Die Mittelstadt Esslingen am Neckar, Stadt in Baden-Württemberg zählt 96.182 Einwohner und erstreckt sich über 46.4 km².
Innovationsland mit dem höchsten Wärmepumpenanteil Westdeutschlands und ambitioniertem Klimaschutzgesetz.
Die Wärmewende hat Esslingen am Neckar, Stadt noch nicht erreicht: 82,3% der 13.873 Gebäude heizen mit Gas oder Heizöl, Wärmepumpen spielen mit 3,5% kaum eine Rolle.

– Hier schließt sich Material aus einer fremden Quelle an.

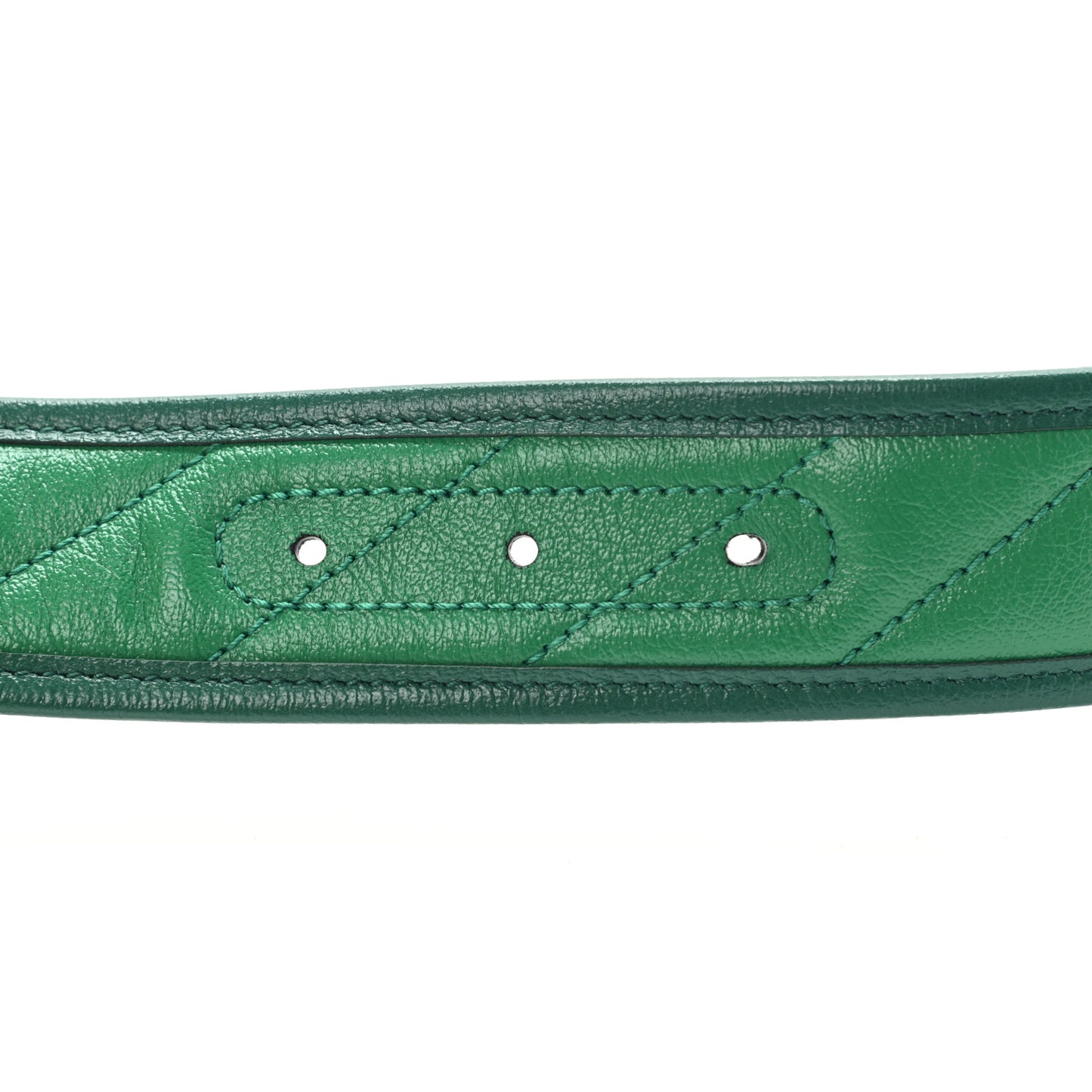 Vintage Effect Calfskin Matelasse Diagonal Enamel Double G 40mm Belt 95 38 Pavone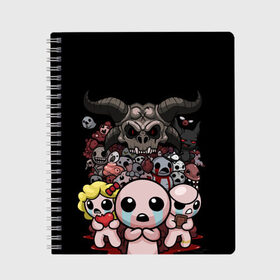 Тетрадь с принтом The Binding of isaac | bosses в Петрозаводске, 100% бумага | 48 листов, плотность листов — 60 г/м2, плотность картонной обложки — 250 г/м2. Листы скреплены сбоку удобной пружинной спиралью. Уголки страниц и обложки скругленные. Цвет линий — светло-серый
 | binding | cain | dark one | isaac | magdalene | megasatan | monsters | исаак | каин | магдалина | монстры | тёмный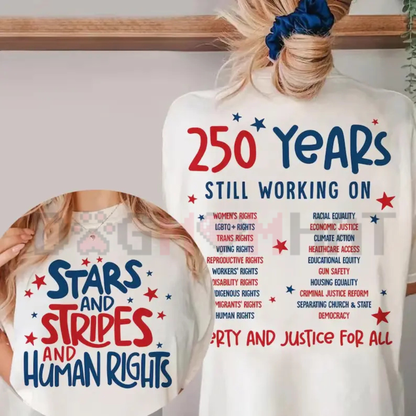 Stars, Stripes & Human Rights Double-Sided Tee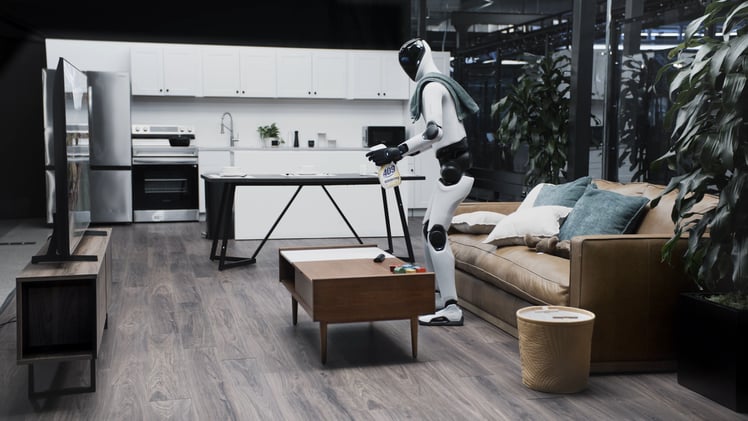 Figure's humanoid cleans living room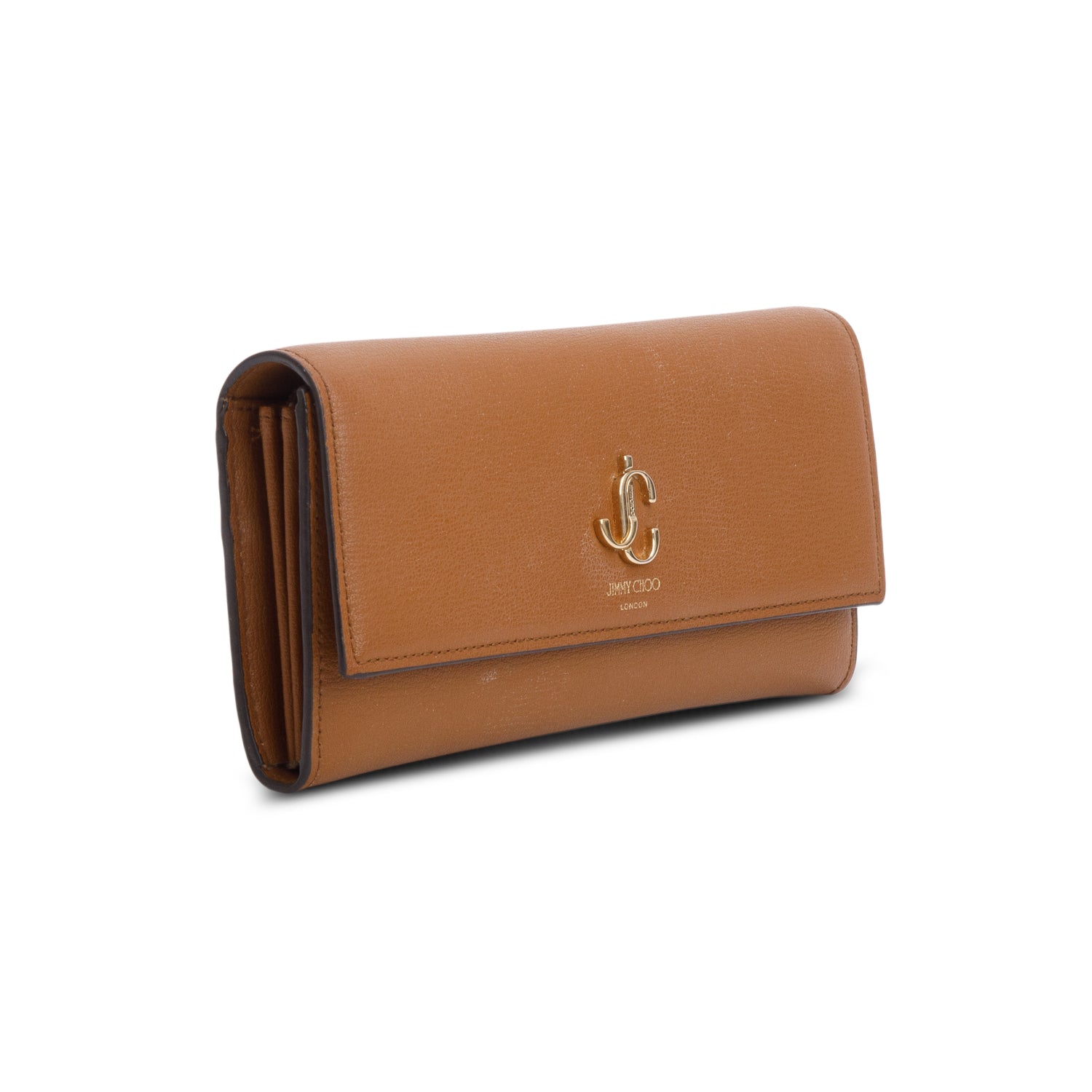 Jimmy Choo Brown Grainy Leather JC Continental Wallet w/ Box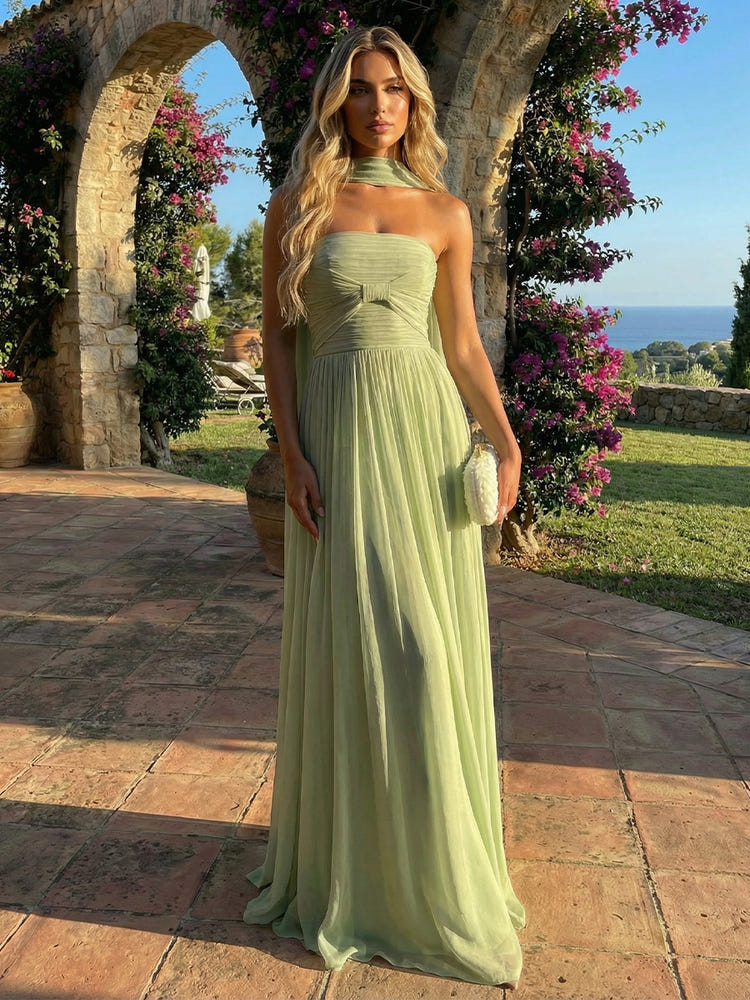 Chiffon A-Line Strapless Delicate Pleated Formal Dresses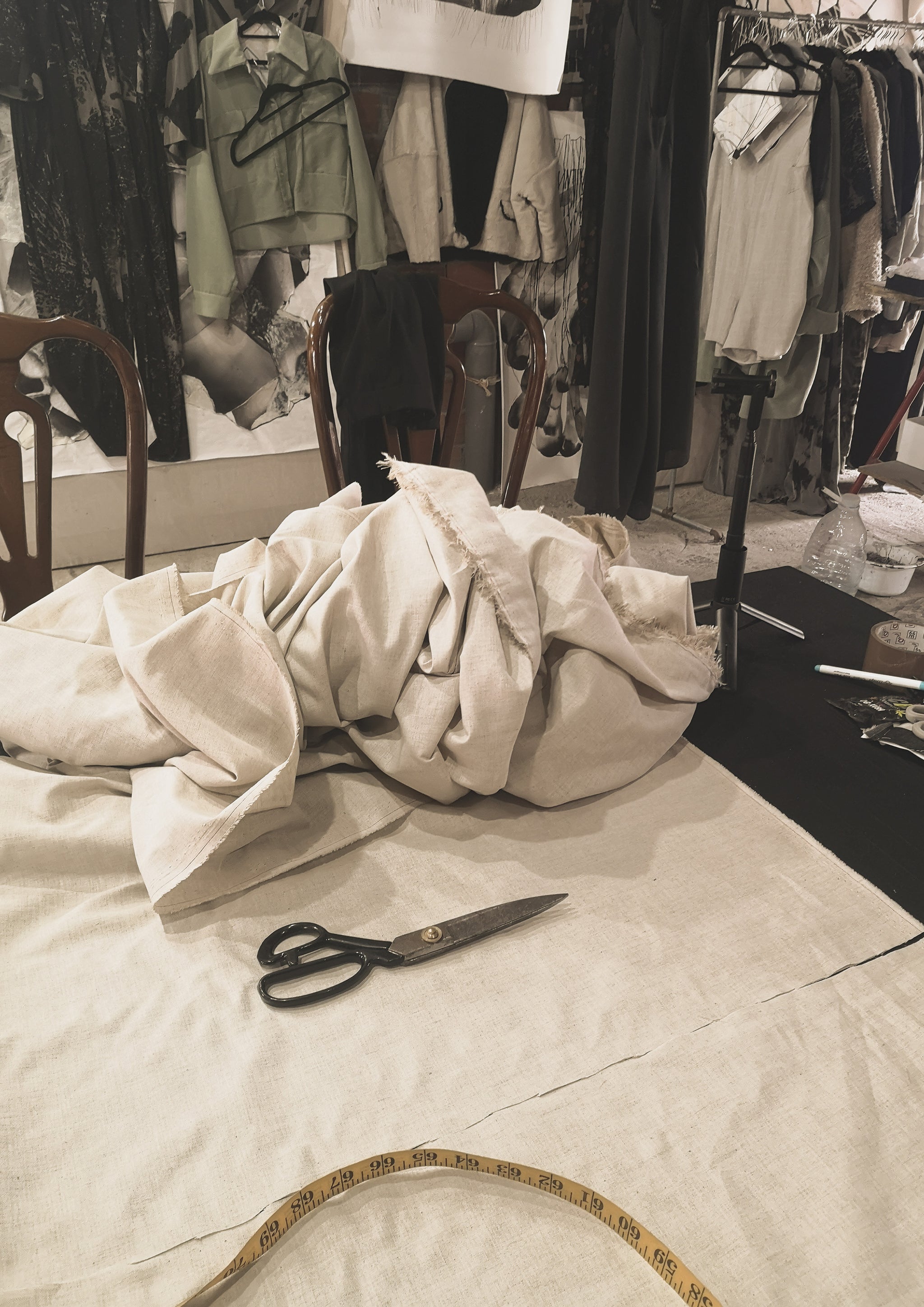 HOMEMADE - JUMPSUIT WIDE - LINEN - natural white - BERENIK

In Esslingen am Neckar, Stadt sind 3.779 Solaranlagen mit einer Leistung von 35,7 MWp registriert (9,4 kWp im Schnitt).
Bauland ist in Esslingen am Neckar, Stadt mit 634 €/m² sehr teuer – das 3,5-Fache des Bundesdurchschnitts.
Bei der Breitbandversorgung erreichen 98,4% der Haushalte in Esslingen am Neckar, Stadt mindestens 50 Mbit/s, die Glasfaserquote liegt bei 21,2%. Auch beim Mobilfunk ist Esslingen am Neckar, Stadt mit 100,0% 5G-Abdeckung gut aufgestellt.
Bei der E-Mobilität ist Esslingen am Neckar, Stadt hervorragend aufgestellt: 298 Ladepunkte (31,0 pro 10.000 Einwohner) an 138 Standorten. Davon sind 6 Schnelllader.
🔥 Heizung & Energieträger
☀️ Solaranlagen
🏠 Immobilien & Grundstücke
🌐 Internet & Breitband
⚡ E-Mobilität
📍 Gemeindeprofil
Esslingen am Neckar, Stadt im Vergleich
Gemeindewerte gegenüber dem einfachen Durchschnitt aller Gemeinden im Land und im Bund.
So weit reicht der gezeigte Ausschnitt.